С двумя типами хаоса и двумя способами его преодоления можно соотнести два пути к свободе и знанию в индийской традиции—один, когда адепт максимально уходит от окружающего, сужая свой мир до стен тесной пещеры, даже позой своей стремясь к максимальной сжатости и суженности, и другой, когда адепт, наоборот, полностью растворяется в миру33. Нередко эти два состояния могут противопоставляться, переход же из одного в другое воспринимается как освобождение. Так, в вед. amhas, «обозначающем остаток хаотической узости, тупика, отсутствия благ и. в структуре макрокосма и в душе человека и противопоставленном uru loka—широкому миру, торжеству космического над хаотическим» [134, 248], отражена тяга к выходу из подобного «ужаса от узости»—к обретению широкого пространства [270, 18 и сл.; 271], что характерно не только для индоевропейской мифопоэтической традиции, но, видимо, и вообще для архаического способа мышления [134, 248; 271, 59—60]—вплоть до современных продолжений этого архетипа [134, 246—8, 280—2]. Например, современная космогоническая гипотеза о Вселенной, расширяющейся из сверхплотного состояния, может служить любопытной аналогией рассматриваемому противопоставлению.

Я. Гонда связывает противопоставление amhas и uru loka с трудностями номадической жизни ариев Ригведы, ищущих широких и плодородных земель, где бы они освободились от узости и подавленности—в различных смыслах слова arnhas и однокоренных [271, 35]. Вообще можно предположить, что у народов, мифология которых сложилась в номадический период, космогоническая картина должна либо отсутствовать, либо иметь форму, сходную со вторым типом организации Космоса—из Хаоса-пустыни. Ср. одну из версий скифской генеалогической легенды (Геродот. История. IV. 5), согласно которой первый человек по имени Таргитай родился в безлюдной пустыне. У оседлых же народов нередко, наоборот, свой «узкий» мир противопоставляется чужому и враждебному «широкому», ср. «В тесноте люди песни поют, на просторе волки воют» [34, 554], хотя и здесь не исключается противопоставление «вольной стороны» (и вообще воли) условностям и стесненности поселения (неволи). Последнее, наряду с архетиническим противопоставлением типа alphas —uru loka, отражает, несомненно, и оппозицию «природа—культура» (с различной оценкой членов противопоставляемой пары).

Другая особенность обоих видов хаоса в том, что их вечность и абсолютность—только внешняя черта, в глубине же их часто заложена некая потенция. Так, в древнескандинавской традиции Гиннунгагап, «великая пустота», предшествовавшая творению мира и людей, не просто противоположна наполненности, это особое состояние, пронизанное магической силой, в котором в потенции заложено последующее устроение мира [31, 44]. Австралийские инапатуа, связанные с хаосом второго типа, также имеют в зачатке человеческие органы и конечности. В другом распространенном образе из того же класса, лабиринте, внешняя хаотичность также предполагает внутреннюю организацию (для тех, кто знает «решение»).

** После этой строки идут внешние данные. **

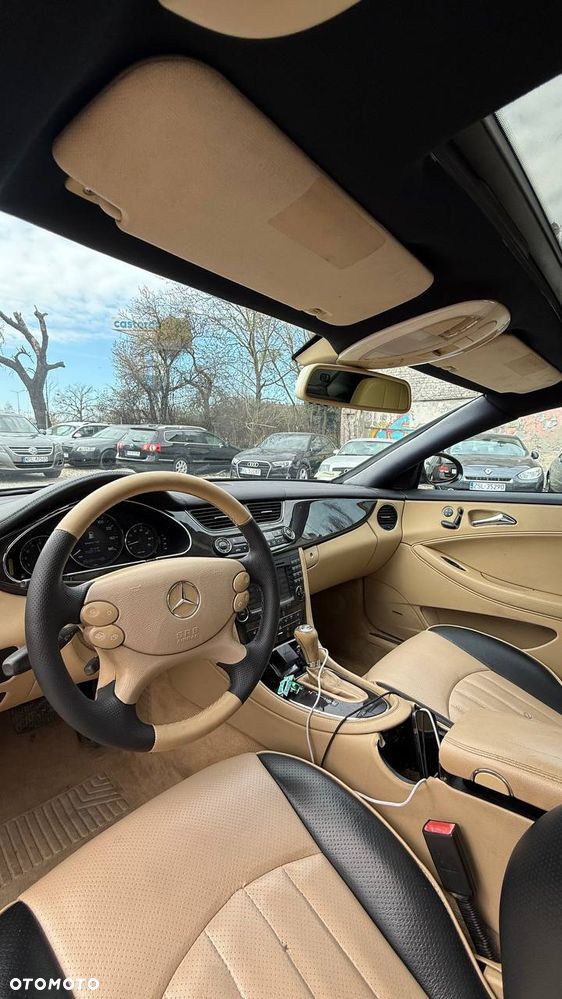 Mercedes-Benz CLS - 8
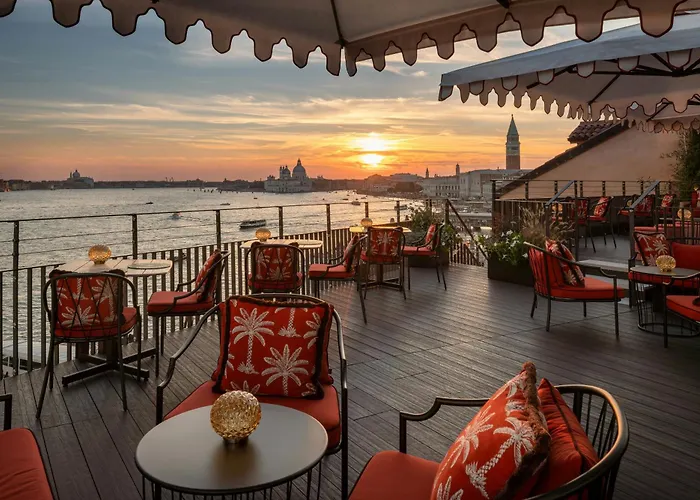 Gabrielli - Starhotels Collezione ホテル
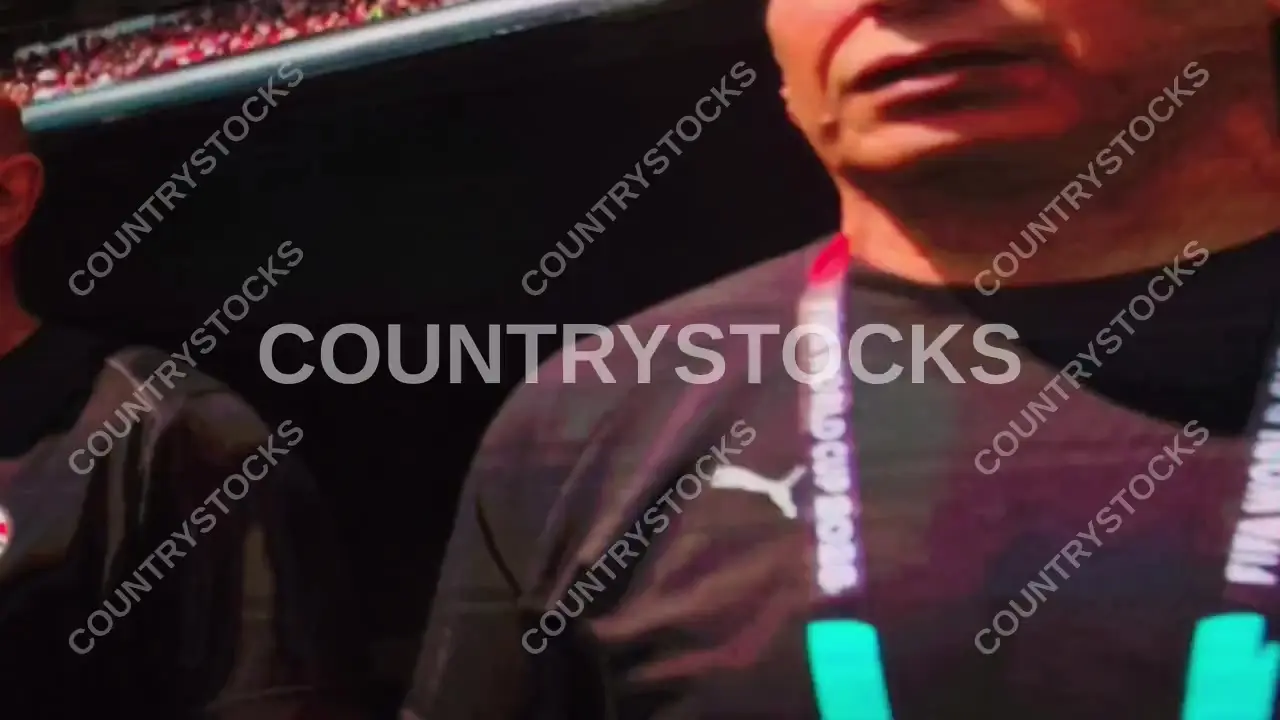 Hossam Hassan and Egyptian Fans Singing the National Anthem Before Belgium Match – FIFA World Cup 2026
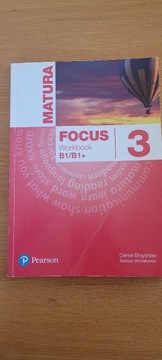 Focus 3 Student's Book + Workbook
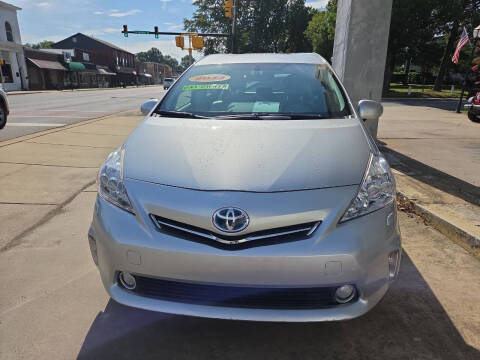 2014 Toyota Prius v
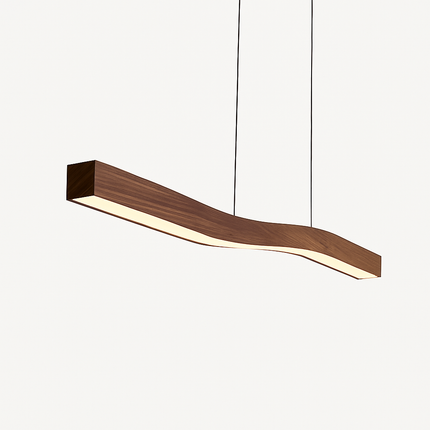 Lustre silencieux pour restaurant japonais et bar design — LZ4Q7M2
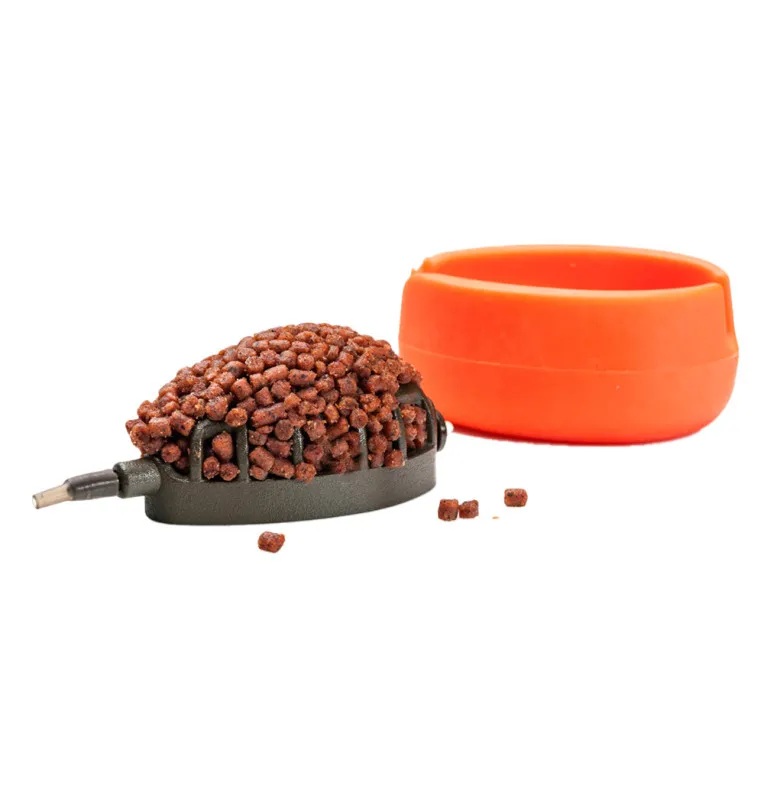 Mivardi Method Pellets Krill & Robin Red 750g - Competition Bait, Wettkampf Köder, Premium Pellet-M.F. Pellets-JJ-Fishing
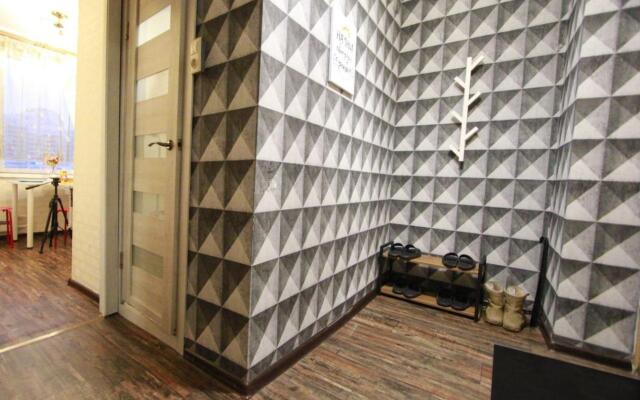 Апартаменты на переулке Большой Симоновский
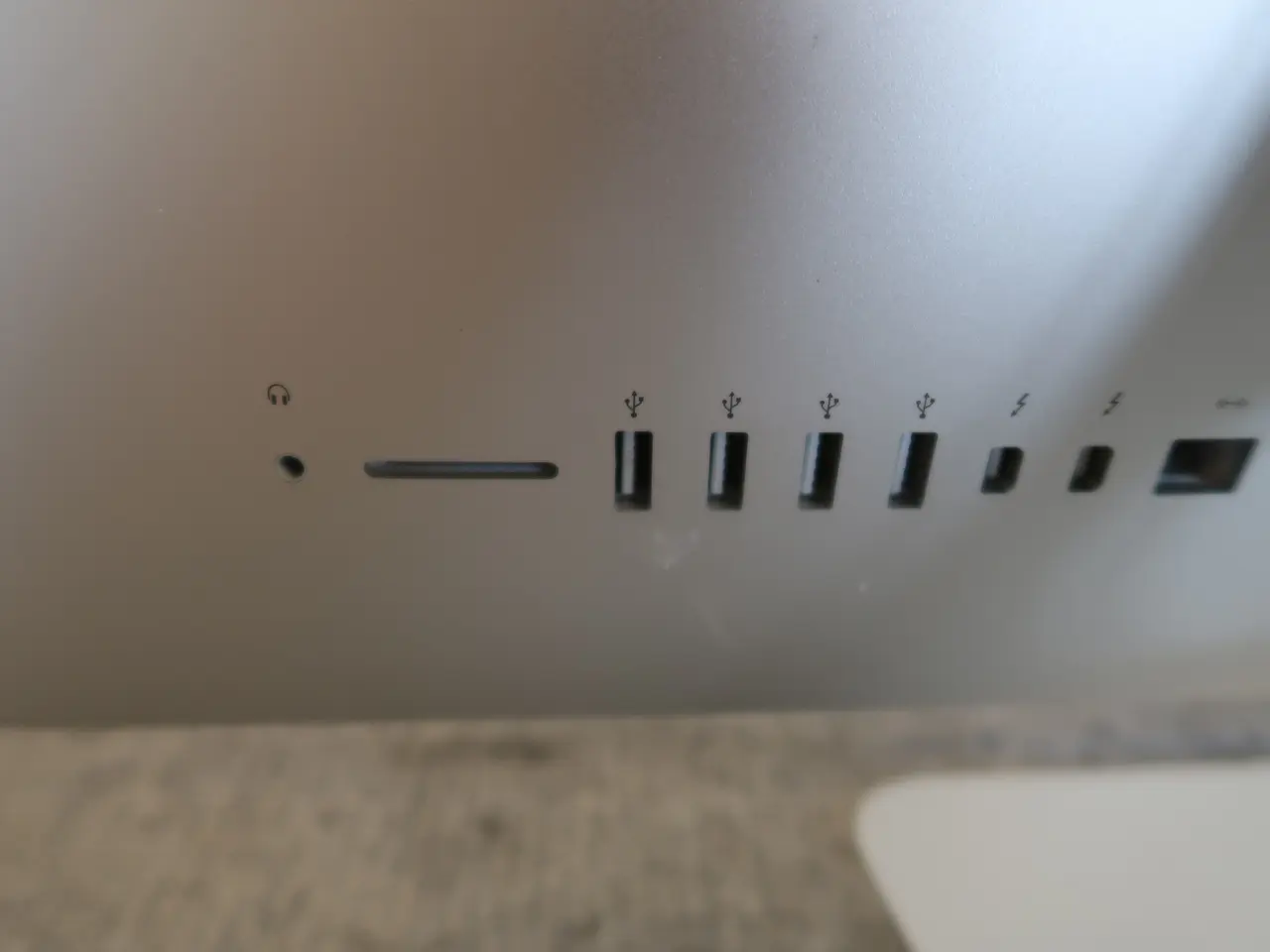 Billede 3 - Apple iMac 13,1 21,5"
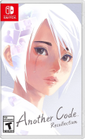 Another Code: Recollection boxart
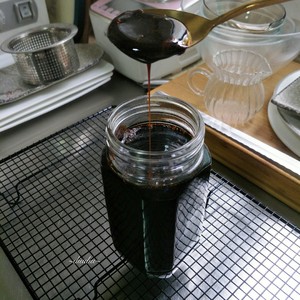 Homemade Cantonese-style Inverted Syrup for Mooncakes (with Brown Sugar Inverted Syrup) recipe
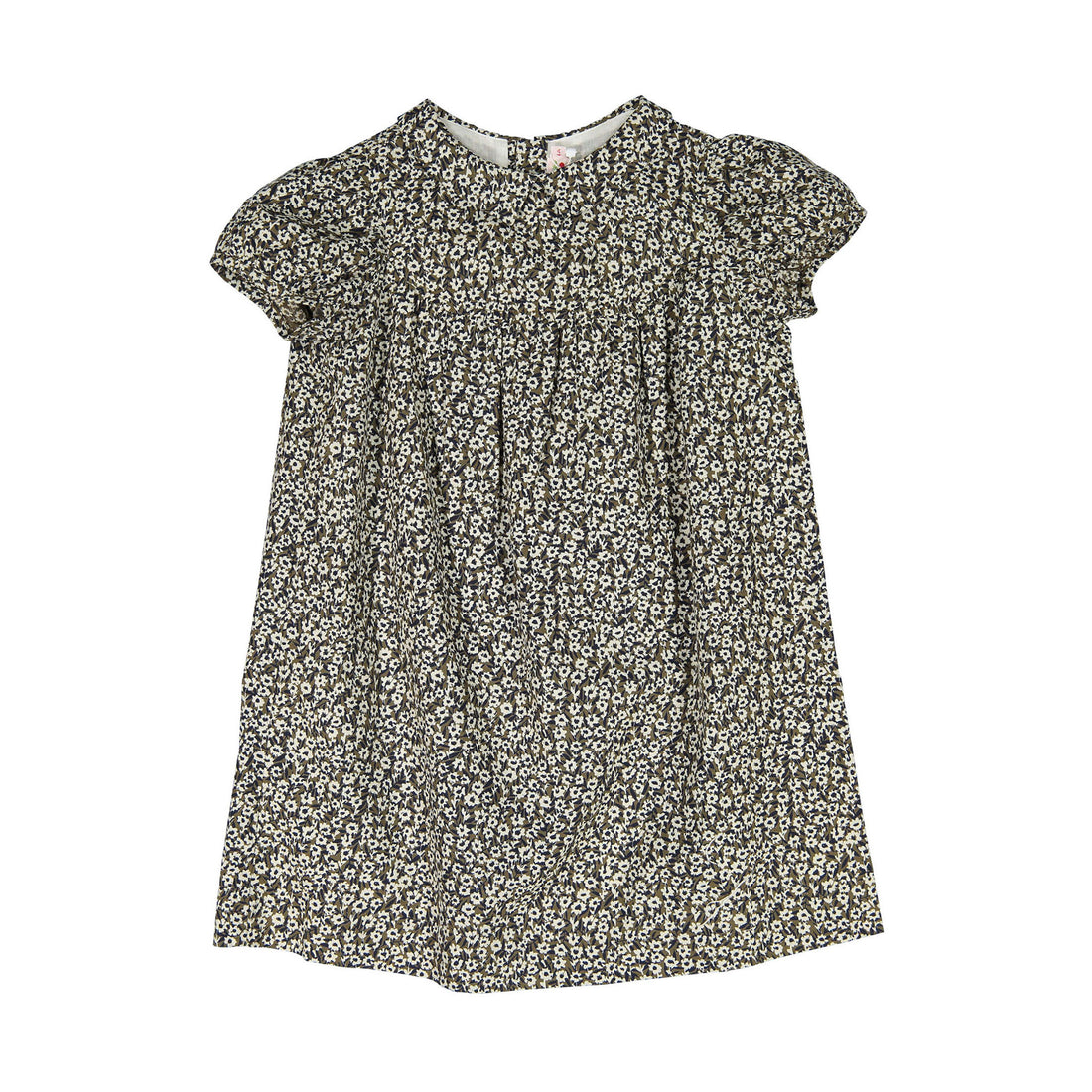Bonpoint Cacao Tia Dress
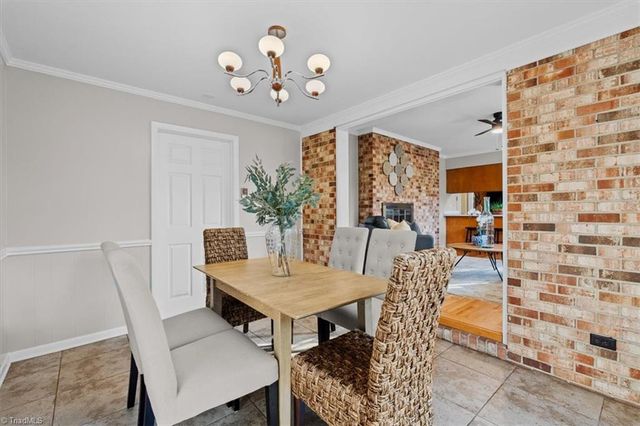 1609 Wilton Drive, Greensboro, NC 27408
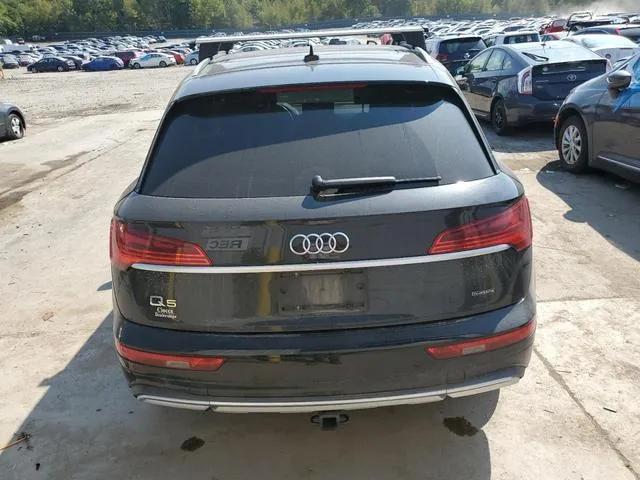 WA1AAAFY8M2055014 2021 2021 Audi Q5- Premium 6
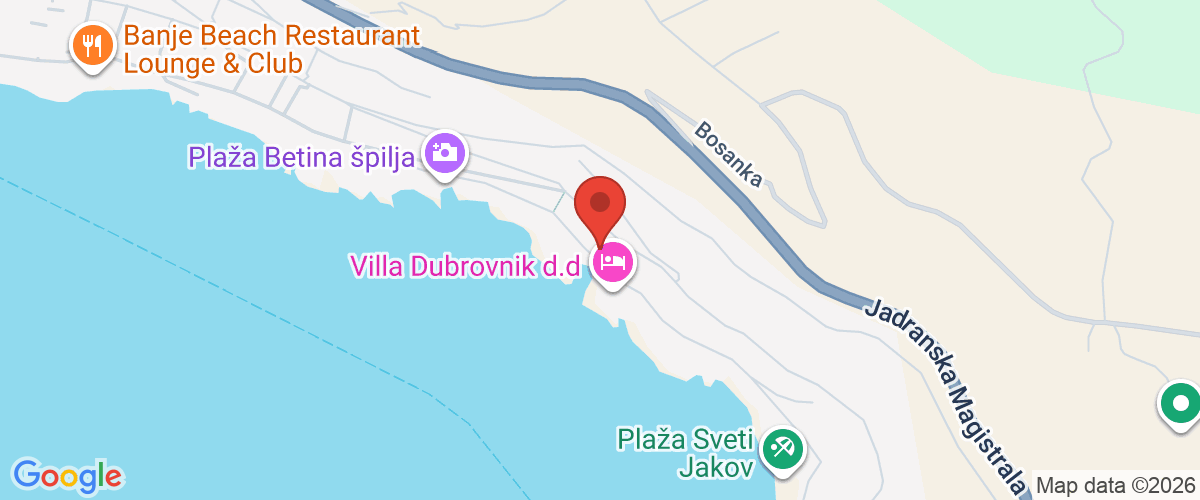Karta lokacije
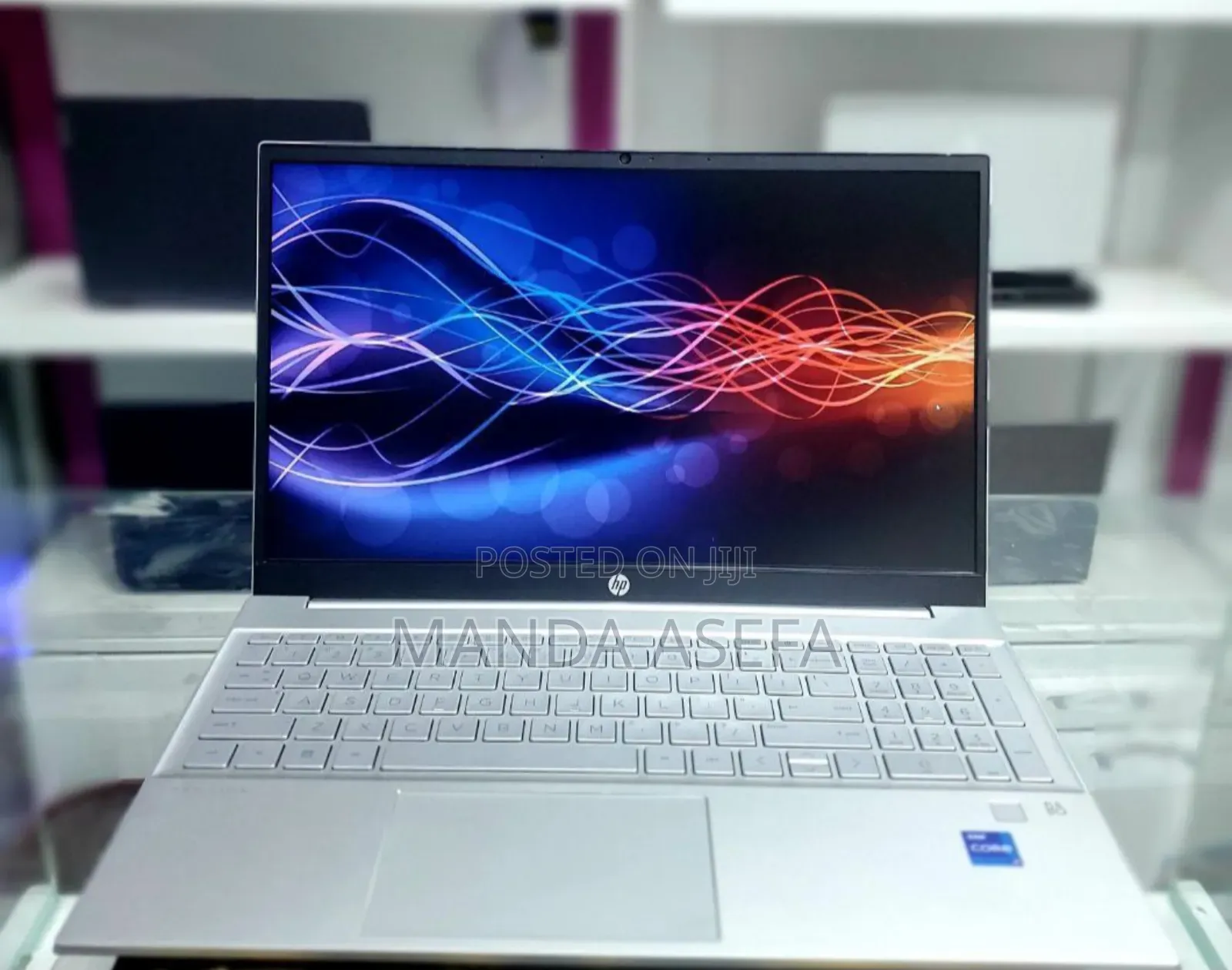 New Laptop HP Pavilion 15 16GB Intel Core I7 SSD 512GB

Еще одна особенность хаоса как первого, так и второго типа в том, что его организация происходит не в виде единого начального акта, а поэтапно—иногда в течение всей священной истории. Например, в ведийской традиции сперва образуется мировое яйцо в первородном океане, потом оно раскалывается на две части и т. д.; или же первородная земля-гора, еще не освобожденная от сил хаоса, не может найти себе точку опоры в мировом океане, пока бог-творец Индра не пронзает своей ваджрой змея, свернувшегося вокруг горы—персонификацию хаоса (см., например, [332, №4, 5]).

Космогоническая тема всегда волновала умы людей—от первобытного человека до современного ученого34. Мы рассмотрели лишь некоторые общие стороны проблемы, чтобы легче было проследить, как архетип преобразования Хаоса в Космос проявляется в ритуале, и посмотреть, какое отношение ко всему этому имеет наш первопраздник.